Конечно, это Ольга, только увиденная глазами моего героя, лейтенанта-подводника, случайно оказавшегося в этом странном мире, прекрасно изображенном ею самой в поэме «Твой путь».
Во время войны отношения складываются быстро, а этикет упрощается. Нас никто не представлял, мы заговорили сами и через полчаса разговаривали так, как будто знали друг друга с детства. Нас многое сближало: и общие друзья в Москве, и комсомольское прошлое, — мы были сверстниками, выходцами из интеллигентских семей, для которых завод (для Ольги — «Электросила», для меня — «Красный пролетарий») стал второй школой, во многом определившей дальнейший жизненный путь.
Мы подружились сразу, как бывает только в молодости или на войне, и сегодня, просматривая свой блокадный дневник, я вижу, что почти каждое увольнение в город — из Кронштадта или со стоящего на Неве корабля — означало встречу с Ольгой, на Радио или у нее дома.
Ольга жила тогда на улице Рубинштейна, невдалеке от Невского проспекта и Московского вокзала, в доме ничем не примечательном, кроме надписи крупными буквами — суриком по беленому фасаду: «Береги дом, сохраняя его, ты сохраняешь социалистическую собственность!» В годы блокады мы относились к этой прописи с юмором: уважение к социалистической собственности было не единственной причиной, по которой нам хотелось, чтобы дом уцелел.
Ольга была общительна и гостеприимна.
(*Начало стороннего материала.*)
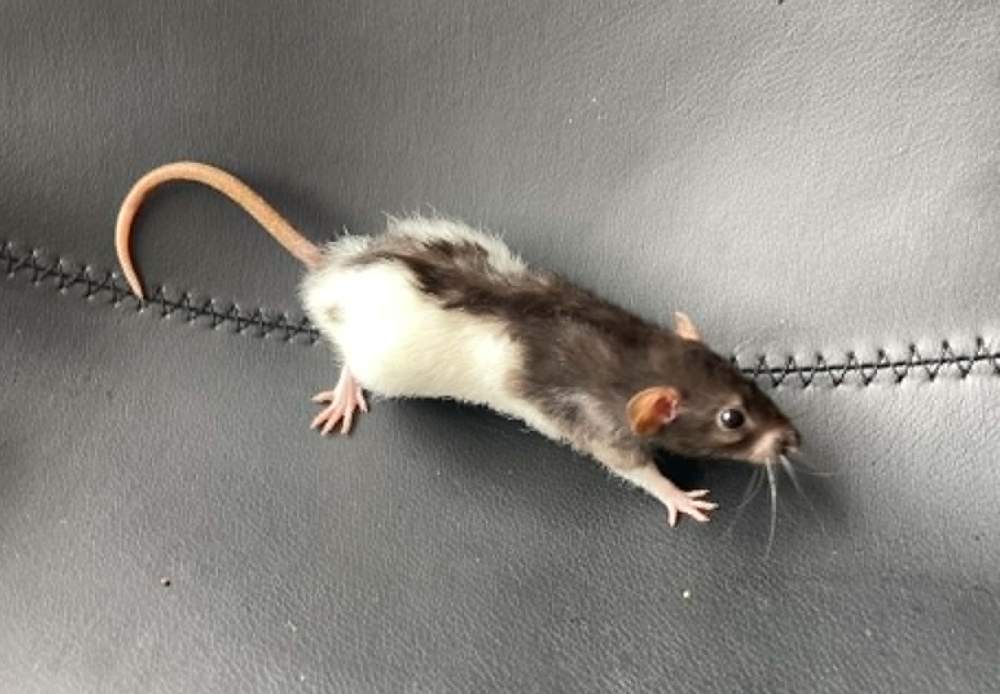 Fancy rat Breeder Rattus norvegicus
И в голодное время, и позже, когда пришел достаток, она любила угощать. В блокаду — при свете коптилки, а после войны, когда на Невском уже зажглись электрические фонари, — при свечах. Их таинственный свет нравился Ольге, он напоминал ей то прекрасное и трагическое время, когда она впервые ощутила свою покоряющую силу. Страшное время, но — «блажен, кто посетил сей мир в его минуты роковые…» — блокада на всю жизнь осталась для Ольги незаживающей раной и источником поэтического вдохновения.
На всю жизнь сохранила Ольга ощущение блокадного братства: люди, которых она узнала и полюбила в военные годы, навсегда становились для нее родными душами.
Застолье в доме на улице Рубинштейна никогда не было пустой болтовней, говорили о жизни и о литературе, бывало весело, и все-таки, вспоминая наши встречи, я не могу отделаться от укоров совести, не думать о том, как мы, друзья, нежно любившие Ольгу, мало ее берегли, как скоро мы привыкли к тому, что Оля — «свой парень», и забывали, что она все-таки женщина, притом многое пережившая, с незалеченными травмами, с необыкновенно тонкой, легко возбудимой нервной организацией, и не всегда понимали, что Ольга заметно отличается от нас, в большинстве своем здоровенных мужиков, своей незащищенностью. Ольга ни в чем не знала удержу и беречь себя не умела.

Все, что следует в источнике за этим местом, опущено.